The Paradox of Random Order.
Nature is random order.
The timing is random. But once the signs are evident, it’s easy (relatively speaking- I’m broad-banding here) to predict what will happen.
Case in point: you won’t know if it will rain at some time tomorrow (okay, pretend you didn’t Google just now. PRETEND) but once you see the clouds in the morning, you can, within reason, make a prediction off the signs that are visible.
Like lightning. DARK clouds. Thunder. Cumulous clouds blotting out the sun.
Rivers filled with blood…
Okay, JK, no apocalypse just yet. But you get my drift right?
While nature is random, there is an order for things. For ther to be rain, there must be clouds. We may not know when, but we know what based on the “heads up” that nature gives.
Sometimes there is a lengthy heads up. Sometimes, barely any at all.
But there is order in the chaos.
Cuz I ain’t got no “-Shame!!! Shame!!! SHAME!!!”
If you don’t get this, I’m guessing you’re not a Game of Thrones fan.
There’s a scene from GOT season 5 episode 9 or 10 where the Queen mother from King’s Landing is forced to walk the streets naked in atonement for her sins against… the 5 pointed star god?…Guy? Whatever.
As she walked around, there was a “nun” for lack of a better word, who would ring a bell behind her and yell “SHAME” every step she took.
It was a long ass journey. King’s Landing is huge city.
Bypass the fact that people are tossing shit at her, mocking, and overall bringing the Queen Mother to the depths of horror/shame/embarrassment.
Bypass all that. How low would your ego be at that point? Would you hide away in a dark closet and relive those moments over and over until you died? Or would you want to lash out at every last person who subjected you to such disgrace?
I wonder how often we do that to ourselves, though. And for things even less significant/embarrassing.
Sometimes, ya just gotta cut yourselves some slack. We’re only human!!
The next person who insists I should be perfect will receive an imperfect punch.
For real, my punches aren’t that great. And my “form” is nothing to write home about (it needs A LOT of work).
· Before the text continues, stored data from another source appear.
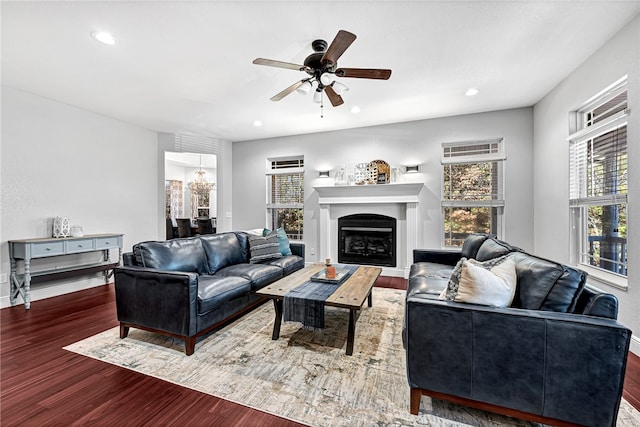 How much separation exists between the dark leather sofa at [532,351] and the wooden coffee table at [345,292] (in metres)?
0.67

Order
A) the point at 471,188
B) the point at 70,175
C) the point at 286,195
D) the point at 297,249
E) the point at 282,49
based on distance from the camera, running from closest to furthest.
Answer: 1. the point at 282,49
2. the point at 70,175
3. the point at 297,249
4. the point at 471,188
5. the point at 286,195

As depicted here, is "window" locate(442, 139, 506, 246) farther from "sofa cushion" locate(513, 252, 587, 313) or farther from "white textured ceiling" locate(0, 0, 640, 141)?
"sofa cushion" locate(513, 252, 587, 313)

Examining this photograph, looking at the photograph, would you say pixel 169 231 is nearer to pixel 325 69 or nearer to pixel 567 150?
pixel 325 69

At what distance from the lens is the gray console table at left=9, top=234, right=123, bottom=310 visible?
134 inches

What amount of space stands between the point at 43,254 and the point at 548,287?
512cm

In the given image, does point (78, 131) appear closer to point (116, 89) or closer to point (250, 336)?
point (116, 89)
But that’s the point. Perfection is a load of bullshit. It’s impossible to meet and frankly is the road towards ultimate imperfection aka failure.
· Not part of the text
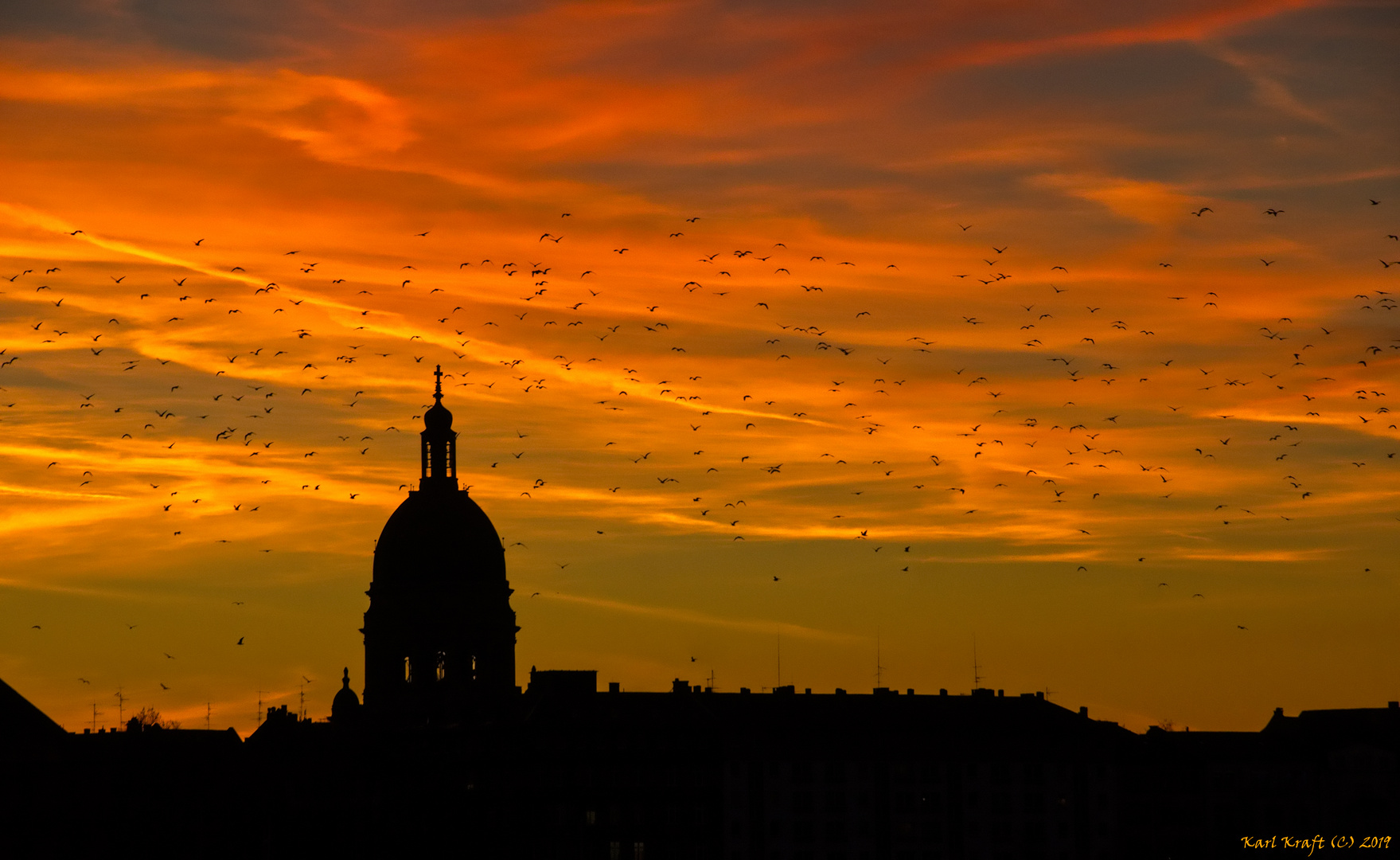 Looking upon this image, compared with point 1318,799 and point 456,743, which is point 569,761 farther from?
point 1318,799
Imperfection = Happiest = Perfect
From my lips. Believe it.
I was at my most unhappy trying to be the “-Est”. Smartest, tallest, fastest…I won the est alright.
It’s called unhappiest.
Misery filling up the holes left inside
Too silent, too tied up to cry.
Hands on my throat, telling me that the end
Has arrived, have you reached the next bend?
Thought not, when life flashes past
There I am, dead last, dead at last
Or too dead to last, body cast.
Because it’s practically the point,
King I am not, no matter how much you try to anoint-
I’m not a king, I’m a master
And nothing you say will make me go faster
I’m at my pace, within my time
Two coins in my hand, lady luck and father mime
I gave away my mask, this is it, unfiltered imperfection
Walk away bitch, before I call collection.
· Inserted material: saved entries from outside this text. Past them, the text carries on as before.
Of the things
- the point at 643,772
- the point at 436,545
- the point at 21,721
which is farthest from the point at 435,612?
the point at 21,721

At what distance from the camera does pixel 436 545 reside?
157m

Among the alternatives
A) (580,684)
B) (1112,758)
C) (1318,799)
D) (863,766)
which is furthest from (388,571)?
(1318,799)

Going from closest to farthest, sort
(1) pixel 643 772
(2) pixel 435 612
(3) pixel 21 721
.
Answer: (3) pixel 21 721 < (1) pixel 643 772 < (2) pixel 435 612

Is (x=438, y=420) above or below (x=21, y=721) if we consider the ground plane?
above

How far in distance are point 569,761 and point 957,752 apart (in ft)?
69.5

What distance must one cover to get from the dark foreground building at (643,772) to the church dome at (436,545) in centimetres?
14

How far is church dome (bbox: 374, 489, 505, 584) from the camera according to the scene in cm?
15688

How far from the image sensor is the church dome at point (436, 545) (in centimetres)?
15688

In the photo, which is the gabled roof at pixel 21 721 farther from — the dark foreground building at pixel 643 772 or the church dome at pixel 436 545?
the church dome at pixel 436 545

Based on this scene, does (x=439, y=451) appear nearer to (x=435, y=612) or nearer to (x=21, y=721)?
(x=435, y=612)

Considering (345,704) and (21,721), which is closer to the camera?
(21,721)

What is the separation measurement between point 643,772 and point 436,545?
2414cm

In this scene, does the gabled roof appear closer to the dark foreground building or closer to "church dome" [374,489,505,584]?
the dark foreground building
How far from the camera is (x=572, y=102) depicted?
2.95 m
“Hello? Yeah, I got your shit right here
Little brats called hate and fear
I’m giving them back to you
Keep them, you can do better than I ever could.”
Starting last year, I’ve given myself the greatest gift.
It’s called “PERMISSION TO FUCK UP, SIR!!”
And I’m happy to cross that line. Make it dotted. Optional. Take it or leave it. No harm, no foul.
Knowledge is dangerous, but I crunched through that apple to the sugar on the inside. And freedom tastes sweeeetttt bitch!
Now, if you’re religiously inclined, you’re probably thinking that freedom is a catch-22. No rules no freedom, no freedom no rules.
Sure, and yet, there is.
Random order. Organized chaos. Ouroboros. Even snakes eat their own tails.
Paradox. Yet, somehow it makes sense.